**Data extract:**
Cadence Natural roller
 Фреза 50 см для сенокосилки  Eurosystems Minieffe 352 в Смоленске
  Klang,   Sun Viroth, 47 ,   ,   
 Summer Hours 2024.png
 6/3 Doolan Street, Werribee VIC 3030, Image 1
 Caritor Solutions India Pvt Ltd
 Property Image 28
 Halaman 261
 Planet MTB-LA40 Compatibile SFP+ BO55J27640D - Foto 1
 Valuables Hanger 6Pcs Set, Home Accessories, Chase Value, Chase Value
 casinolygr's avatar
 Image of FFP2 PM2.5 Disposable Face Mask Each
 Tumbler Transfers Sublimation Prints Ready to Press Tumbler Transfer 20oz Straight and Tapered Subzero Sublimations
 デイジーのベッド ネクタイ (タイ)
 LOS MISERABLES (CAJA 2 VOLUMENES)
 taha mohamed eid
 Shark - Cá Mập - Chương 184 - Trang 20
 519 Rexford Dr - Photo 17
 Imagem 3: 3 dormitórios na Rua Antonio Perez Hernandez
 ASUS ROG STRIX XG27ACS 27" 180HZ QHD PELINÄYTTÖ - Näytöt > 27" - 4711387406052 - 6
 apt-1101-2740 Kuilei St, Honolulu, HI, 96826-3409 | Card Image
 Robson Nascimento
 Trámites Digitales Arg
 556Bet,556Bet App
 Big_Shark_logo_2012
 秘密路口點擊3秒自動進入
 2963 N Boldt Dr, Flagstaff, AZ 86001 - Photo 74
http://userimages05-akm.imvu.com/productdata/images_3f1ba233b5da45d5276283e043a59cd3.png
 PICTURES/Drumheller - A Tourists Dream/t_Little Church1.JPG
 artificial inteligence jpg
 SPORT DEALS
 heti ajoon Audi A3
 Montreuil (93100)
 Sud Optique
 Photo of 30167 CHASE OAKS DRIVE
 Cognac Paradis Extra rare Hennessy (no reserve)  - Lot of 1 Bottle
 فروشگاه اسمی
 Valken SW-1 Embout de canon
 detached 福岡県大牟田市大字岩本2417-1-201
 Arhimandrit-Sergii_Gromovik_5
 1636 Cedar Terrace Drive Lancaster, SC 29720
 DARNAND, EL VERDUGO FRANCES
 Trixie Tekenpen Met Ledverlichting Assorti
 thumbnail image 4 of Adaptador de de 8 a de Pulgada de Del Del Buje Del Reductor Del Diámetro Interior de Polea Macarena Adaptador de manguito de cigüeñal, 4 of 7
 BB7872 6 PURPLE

**Problem:** Filter the listing above by the word "Photo"; copy each line that passes.

**Your response:**
 519 Rexford Dr - Photo 17
 2963 N Boldt Dr, Flagstaff, AZ 86001 - Photo 74
 Photo of 30167 CHASE OAKS DRIVE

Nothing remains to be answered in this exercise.